**Assignment:** Could you repeat the listing below exactly while leaving its pictures behind?

**Data block:**
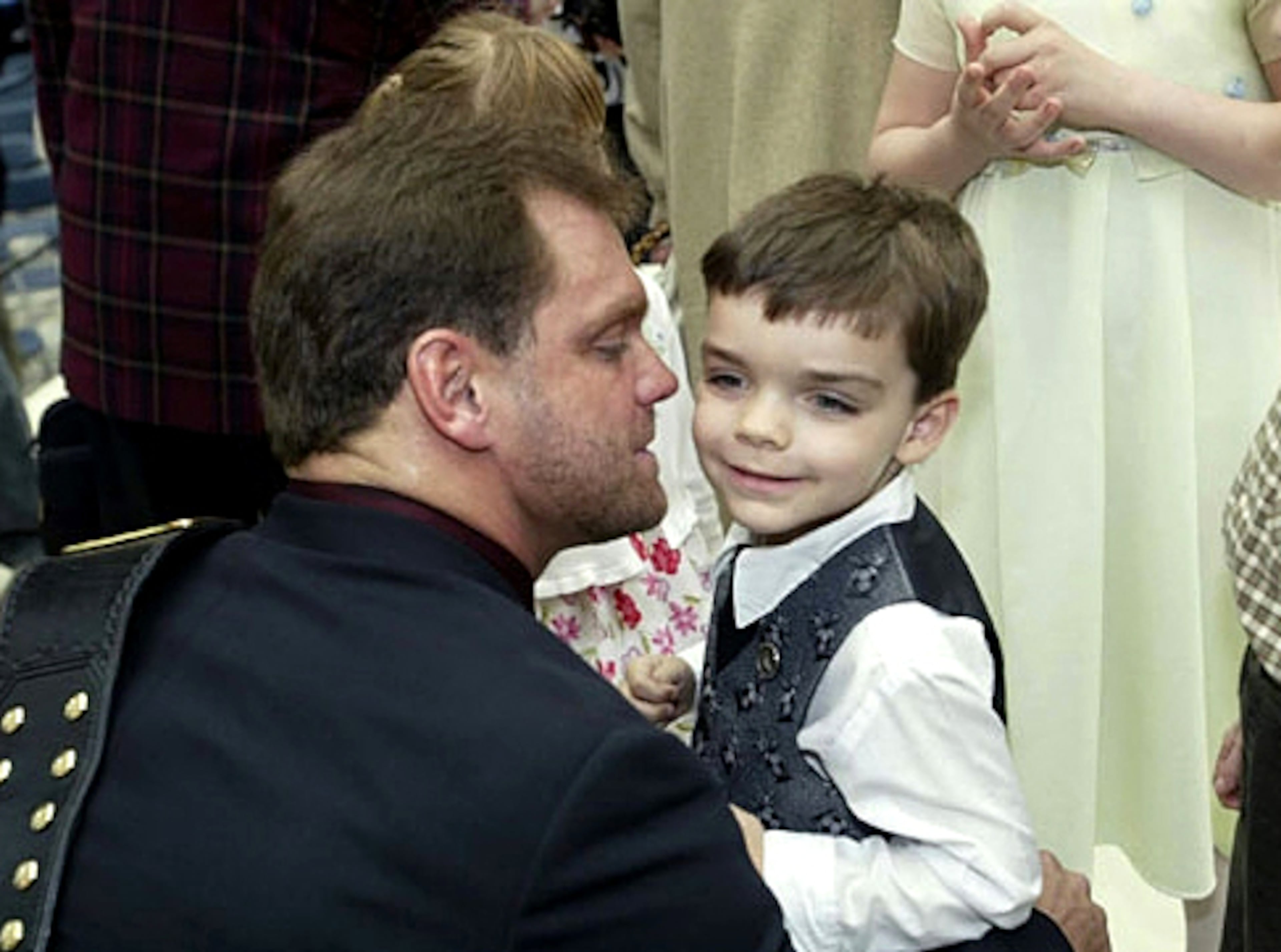 Benoit holds his mentally disabled child son, Daniel, who suffered from a rare medical condition.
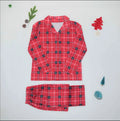 Le Pyjama de Noël à Carreaux Rouges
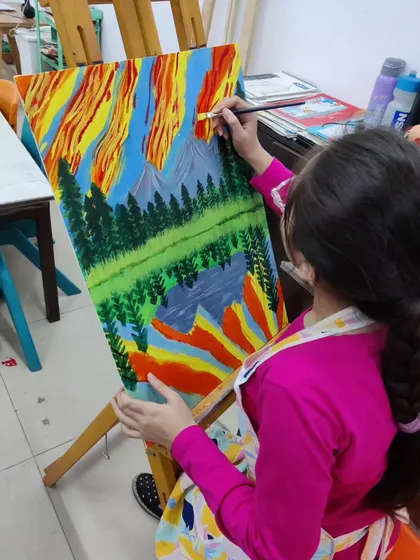 Follow a student's progress on a vibrant landscape painting, showing the development from a simple sketch to a fully colored and detailed scene.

**Answer to this exercise:**
 Benoit holds his mentally disabled child son, Daniel, who suffered from a rare medical condition.
 Le Pyjama de Noël à Carreaux Rouges
 Follow a student's progress on a vibrant landscape painting, showing the development from a simple sketch to a fully colored and detailed scene.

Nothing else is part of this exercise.